Blanchard se despidió de Jeffries en París el primer lunes de febrero de 1785. Bajo un cielo de sol se abrazaron con tristeza: ambos sabían que nunca en sus vidas ocurriría una experiencia idéntica. En su buhardilla de la rue de Saint-Honoré a Blanchard le costaba dormir. Con los párpados cerrados veía un galimatías de estrellas, las escamas de tejados, ventanas iluminadas. En la calle le llegaba el gemido de carruajes agotados. La noche ladraba y Blanchard pensaba en Jeffries, rumbo al norte, camino del mar que ellos sobrevolaron.
Se levantó, volvió a la cama y se durmió sin saber qué sería de él, y él sería un famoso empresario en Inglaterra, país al que volvería al poco tiempo para fundar una exitosa academia de viajes en globo en Vauxhall, y cobrando además una generosa pensión de su país. Sin saber tampoco qué sería de su compañero Jeffries, que no alcanzaría la celebridad de Blanchard y agradecería por siempre a Dios haberlos salvado de la muerte. Sin saber tampoco ninguno que el Rey Luis XVI, a cuyo anillo se habían postrado, sería guillotinado ocho años después, en enero de 1793. Blanchard iba quedándose dormido en su cama de París lleno de cuestiones por responder, pero sobre todas ellas no saber cuál sería su próximo vuelo, no saber cuál sería su próximo, no saber cuál sería, no saber.

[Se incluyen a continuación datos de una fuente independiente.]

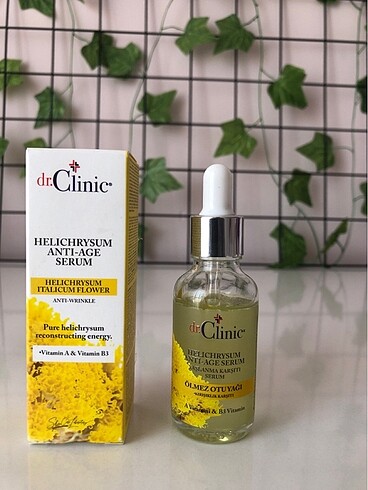 ???? Dr.Clinic Ölmez Çiçeği Otu HELİCHRYSUM Cilt Yenileyici Seru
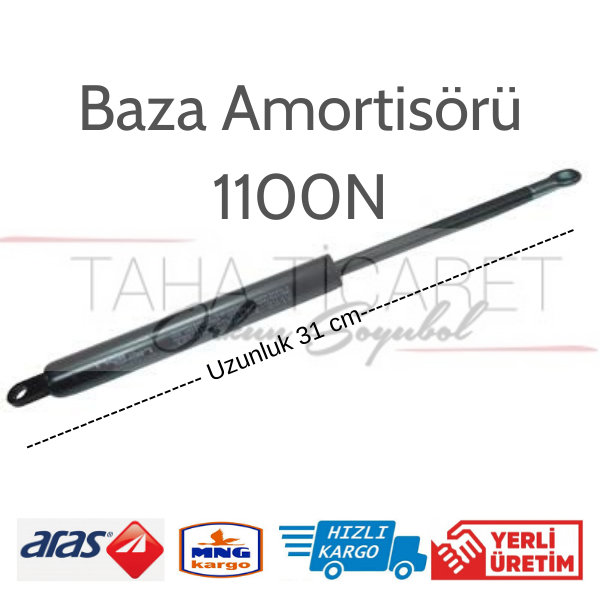 Tahaticaret Baza Amortisörü 1100N (1Çift) 30-31Cm Uzunluk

no esta bueno lo que voy a decir, perooooooooo, grandes avances en la historia de la humanidad se debieron al arrojo y la imprudencia de muchos inconscientes
¡Desde luego que sí! Menos mal que hay gente inconsciente por el mundo. ¡Y menos mal también que hay gente que luego disfrutamos imaginando en libros sus aventuras! Muchas gracias por entrar y leerme. Un saludo.